The American left may not forgive him for it. That might only make Israelis admire him more.

All of which makes the line of communication between Lapid and the Democratic Party a precarious enterprise. If he were to shift an inch or two further to the right, to accommodate his own domestic politics, or Democrats were to tilt a few degrees to the left in deference to parts of their political base, the whole project could become untenable.

In a way, Lapid allies suggest, that is the point — to show that he can do the acrobatic kinds of political diplomacy that Netanyahu does not even attempt. It is not a new argument for Lapid, who as foreign minister met in 2021 with the progressive American group J Street and left-wing lawmakers like Barbara Lee and Jamaal Bowman, a move that drew harsh condemnation from Netanyahu and other Israeli conservatives.

“He’s proud of the fact that he can talk to people who aren’t totally in the tent,” said a second person familiar with Lapid’s outreach.
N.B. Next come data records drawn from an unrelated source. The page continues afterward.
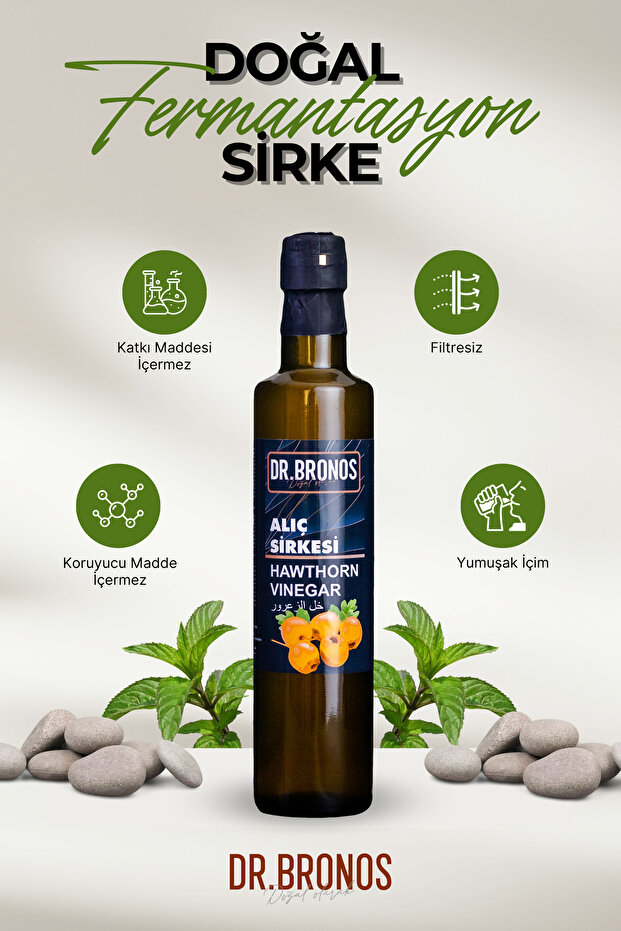 Alıç Sirkesi 500 ml - 3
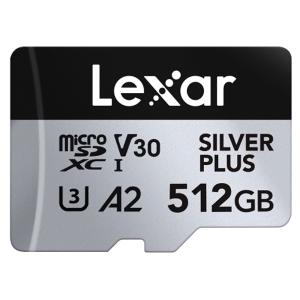 microSD Express 512GB microSDXC SDエクスプレス Lexar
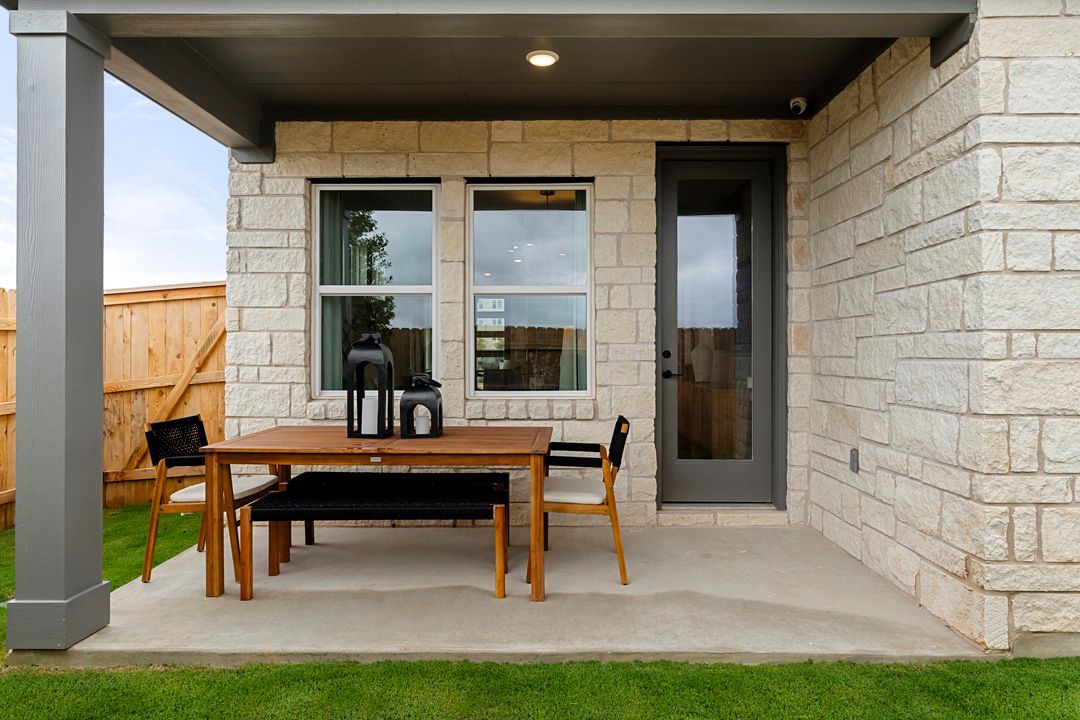 Outdoor Covered Patio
In his more recent phone calls with Democrats, Lapid has absorbed criticism of the Gaza campaign, allowing Democrats to share their concern about the military effort without echoing it himself. He has notably not spoken with Israel’s most outspoken critics in Congress, like Bowman or Bernie Sanders, focusing instead on more reliably pro-Israel Democrats like Murphy, who have expressed tempered dismay about the war.
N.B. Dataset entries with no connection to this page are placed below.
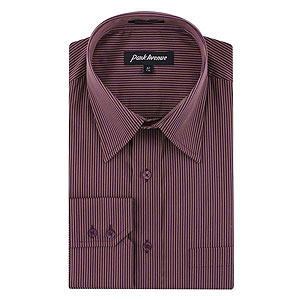 Branded Formal Striped Shirt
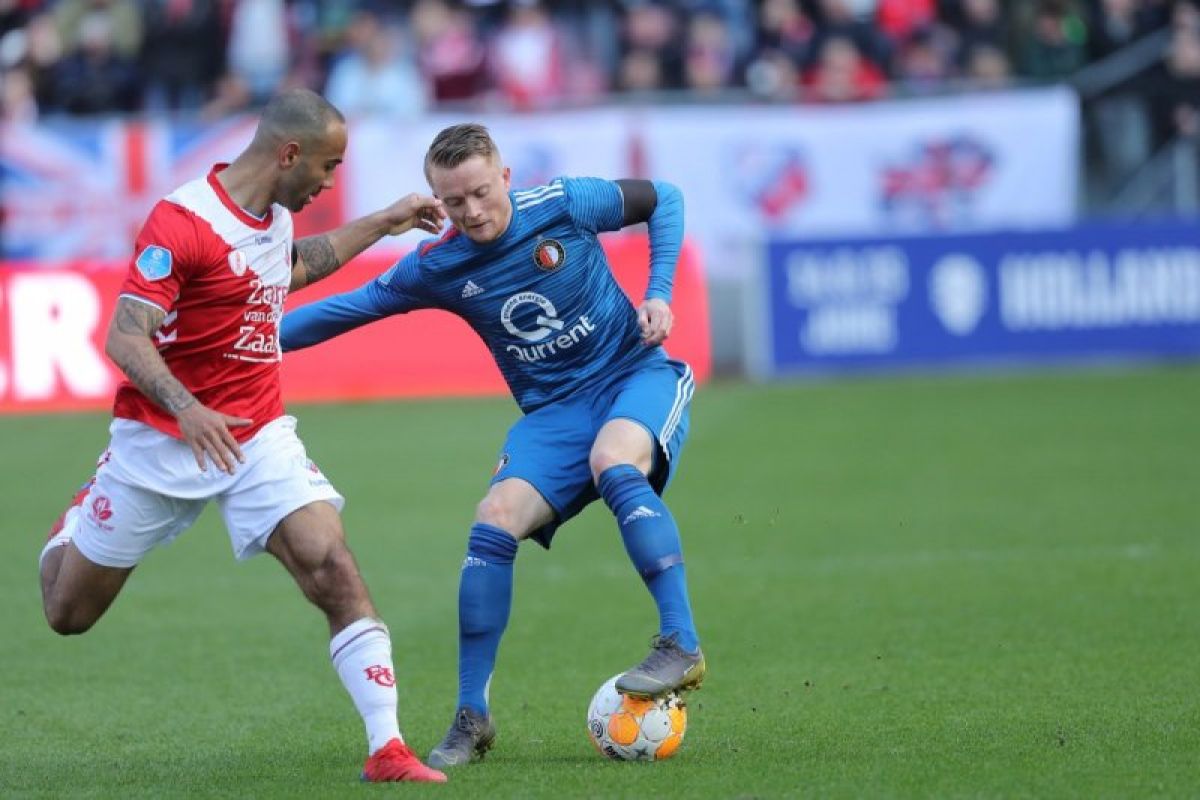 Feyenoord kembali telan kekalahan oleh Ultrecht 2-3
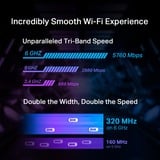 TP-Link Archer TBE550E BE9300 wifi 7 Bluetooth 5.4 PCIe, Adaptateur WLAN 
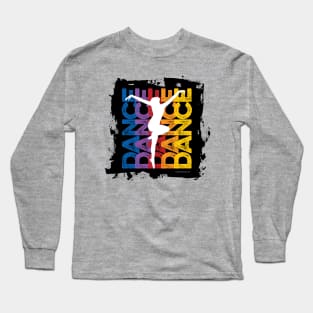 Danse et Lettres Long Sleeve T-Shirt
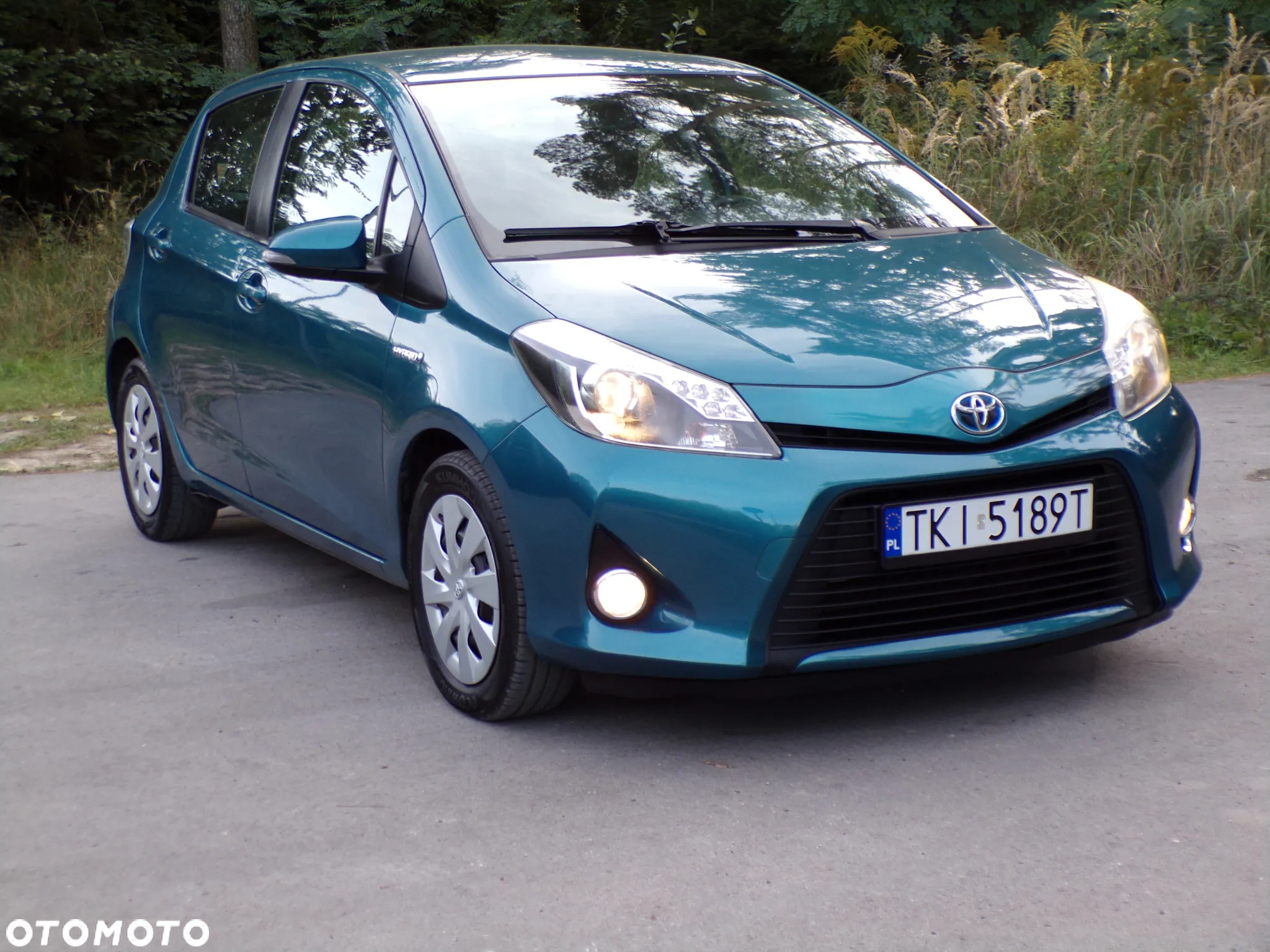 Toyota Yaris Hybrid 1.5 VVT-i Edition 2014 - 2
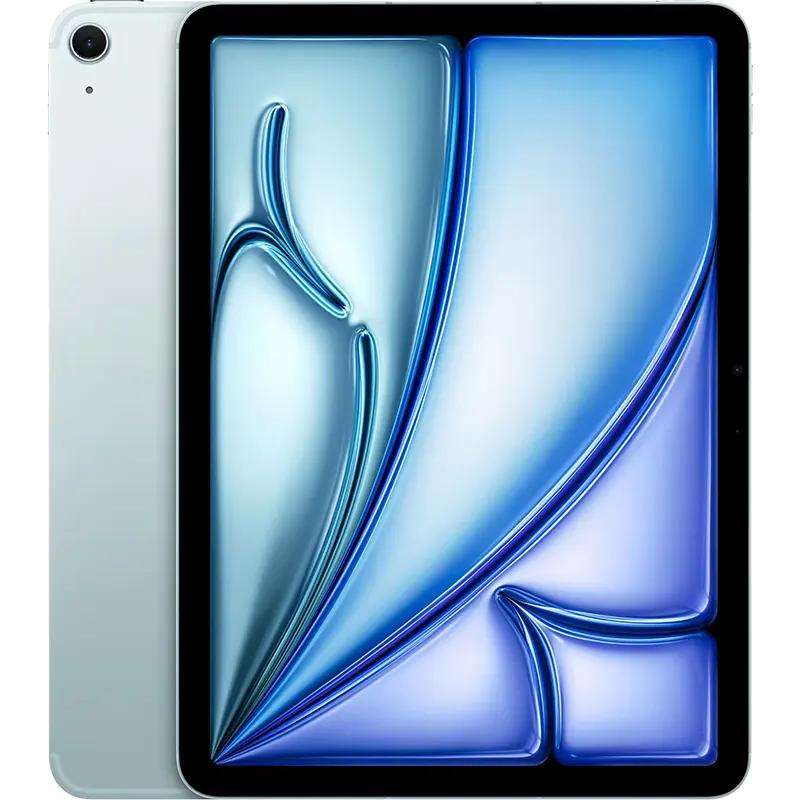 Representative iPad Air 11 inch M4 256GB WiFi. Colour and appearance may vary; configuration as listed.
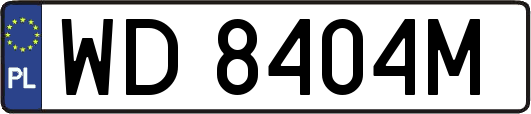 WD8404M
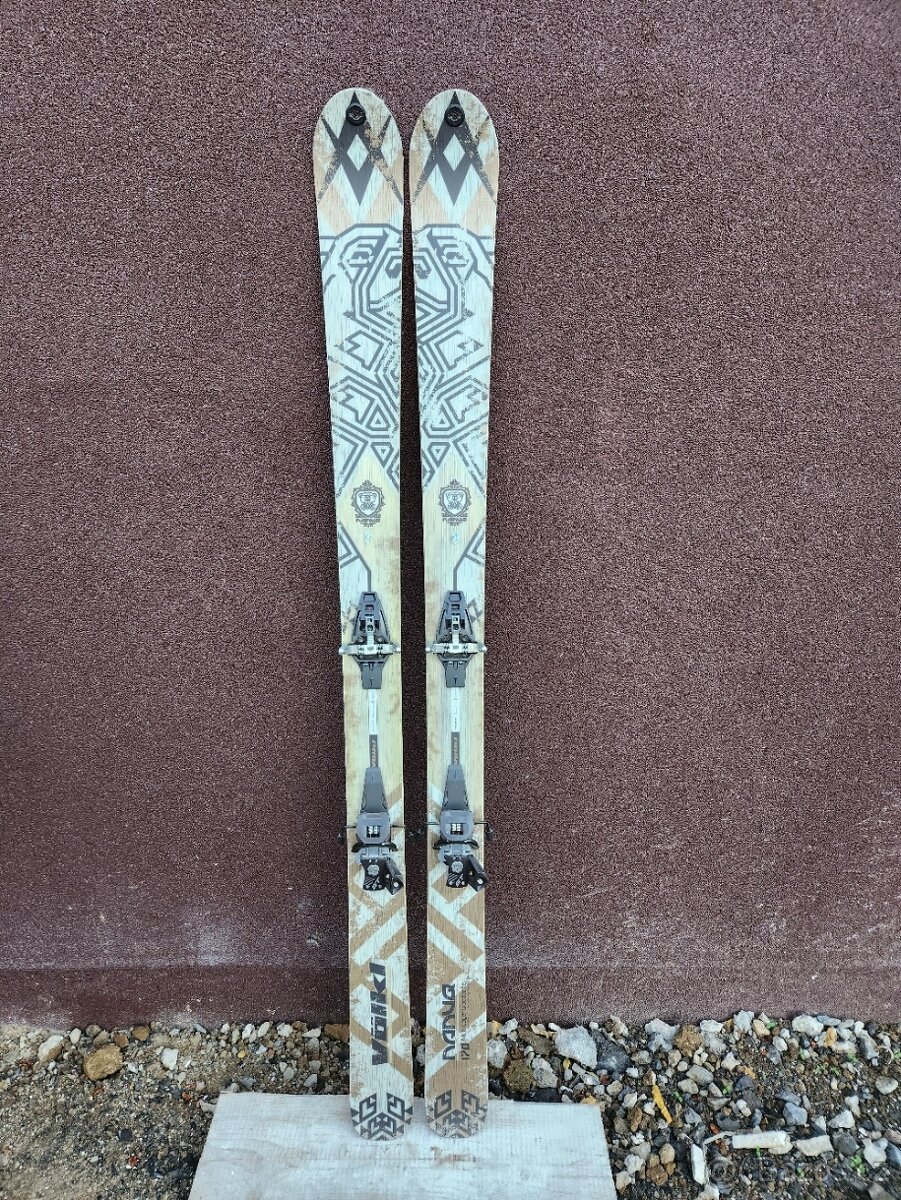 Skialpy Freeride Vökl Nanuq 170cm - ZÁNOVNÍ (jeté 1 týden)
Recalling his conversation with Lapid, Murphy said he told the opposition politician that he was worried Israel’s military “strategy was not matched to the goal” of a lasting victory over Hamas.

“We had a candid conversation about my concerns regarding civilian casualties,” he said.

But candor, detached from shared policy ideas and the power to enact them, only goes so far.

This, too, may be an unintended message of Lapid’s phone calls.

The Yesh Atid party leader is himself a test of the link between Democrats and Israel. He is the most prominent Israeli elected official who has called for Netanyahu to step down, supports a Palestinian state and cares about Israel’s relationship with the Democratic Party. He told my colleague Jamie Dettmer in November that Israel’s future depends on returning “to being a country that’s led by liberal values.”

Lapid is also a man who backs the Gaza campaign to the hilt, described most of the dead there as “Hamas terrorists” in a Sky News interview and has consistently trashed Obama- and Biden-backed negotiations with Iran as dangerously misguided.

No other plausible Netanyahu successor is a more palatable package for Democrats. Several others are more hardline by a substantial margin.

The trajectory of the U.S.-Israel relationship may depend on mainstream Democrats’ willingness to reconcile themselves to that reality.

There may be a future date — when Netanyahu is long gone, the 10/7 attack is no longer a singular event in Israel’s political consciousness and American progressives have begun to forget the images they have seen from Gaza in recent weeks — when a tighter and more comfortable bond can grow again between Democrats and their counterparts in Israel.

Then, it may be easier to create new versions of the anecdotes Biden so often repeats, about his encounters in another century with Golda Meir, the Israeli leader whom Democrats could happily admire.

For now, delicate phone calls between distant political cousins on the center-left may be as good as it gets.